Detecting somatic structural variants (SVs), copy number variants (CNVs), and mutations in bone and soft tissue tumors is essential for accurately diagnosing, treating, and prognosticating outcomes. Optical genome mapping (OGM) holds promise to yield useful data on SVs and CNVs but requires fresh or snap-frozen tissues. This study aimed to evaluate the clinical utility of data from OGM compared with current standard-of-care cytogenetic testing. We evaluated 60 consecutive specimens from bone and soft tissue tumors using OGM and karyotyping, fluorescence in situ hybridization, gene fusion assays, and deep next-generation sequencing. OGM accurately identified diagnostic SVs/CNVs previously detected by karyotyping and fluorescence in situ hybridization (specificity = 100%). OGM identified diagnostic and pathogenic SVs/CNVs (∼23% of cases) undetected by karyotyping (cryptic/submicroscopic). OGM allowed the detection and further characterization of complex structural rearrangements including chromoanagenesis (27% of cases) and complex 3- to 6-way translocations (15% of cases). In addition to identifying 321 SVs and CNVs among cases with chromoanagenesis events, OGM identified approximately 9 SVs and 12 CNVs per sample. A combination of OGM and deep next-generation sequencing data identified diagnostic, disease-associated, and pathogenic SVs, CNVs, and mutations in ∼98% of the cases. Our cohort contained the most extensive collection of bone and soft tissue tumors profiled by OGM. OGM had excellent concordance with standard-of-care cytogenetic testing, detecting and assigning high-resolution genome-wide genomic abnormalities with higher sensitivity than routine testing. This is the first and largest study to provide insights into the clinical utility of combined OGM and deep sequencing for the pathologic diagnosis and potential prognostication of bone and soft tissue tumors in routine clinical practice.

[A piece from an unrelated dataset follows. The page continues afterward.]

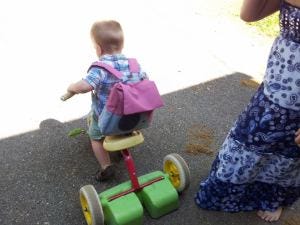 Sam Trike
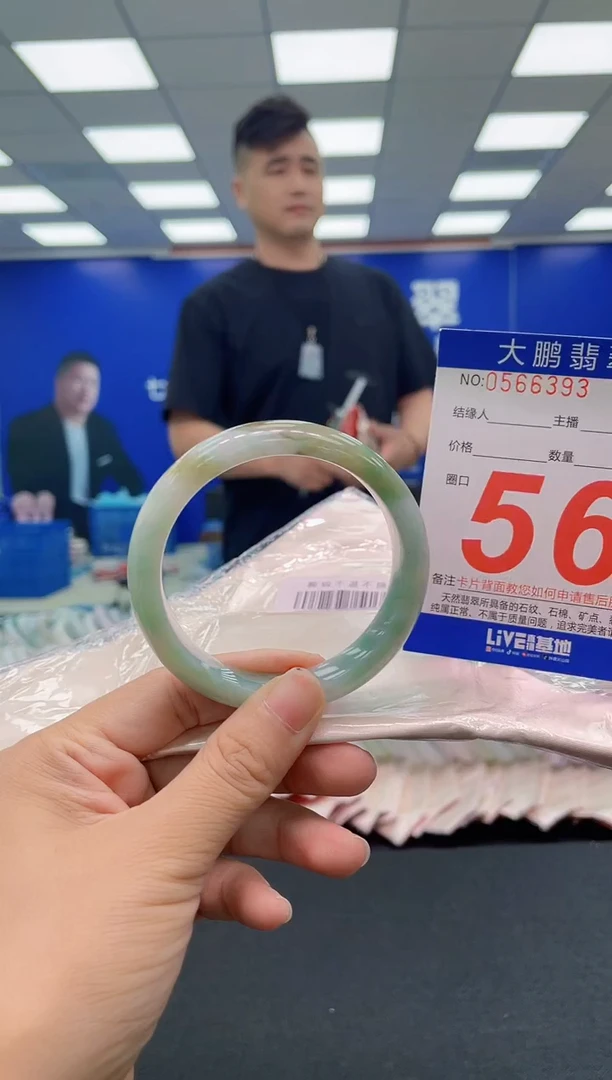 未镶嵌手镯翡翠AAAAAAAAA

检测骨与软组织肿瘤中的体细胞结构变异(SVs)、拷贝数变异(CNVs)和突变对于准确诊断、治疗以及预测预后结果至关重要。光学基因组图谱(OGM)有望产生关于SVs和CNVs的有用数据,但需要新鲜或速冻组织。本研究旨在评估与当前标准护理细胞遗传学检测相比,OGM数据的临床效用。我们使用OGM和核型分析、荧光原位杂交、基因融合检测以及深度二代测序对60例连续的骨与软组织肿瘤标本进行了评估。OGM准确识别了先前通过核型分析和荧光原位杂交检测到的诊断性SVs/CNVs(特异性 = 100%)。OGM识别出了核型分析未检测到的诊断性和致病性SVs/CNVs(约23%的病例)(隐匿性/亚微观的)。OGM能够检测并进一步表征复杂的结构重排,包括染色体混乱(27%的病例)和复杂的三至六路易位(15%的病例)。除了在发生染色体混乱事件的病例中识别出321个SVs和CNVs外,OGM每个样本还识别出约9个SVs和12个CNVs。OGM和深度二代测序数据的组合在约98%的病例中识别出了诊断性、疾病相关和致病性的SVs、CNVs以及突变。我们的队列包含了通过OGM分析的最广泛的骨与软组织肿瘤集合。OGM与标准护理细胞遗传学检测具有极好的一致性,能够检测并确定全基因组范围内的高分辨率基因组异常,其灵敏度高于常规检测。这是第一项也是规模最大的研究,为在常规临床实践中联合使用OGM和深度测序对骨与软组织肿瘤进行病理诊断和潜在预后评估的临床效用提供了见解。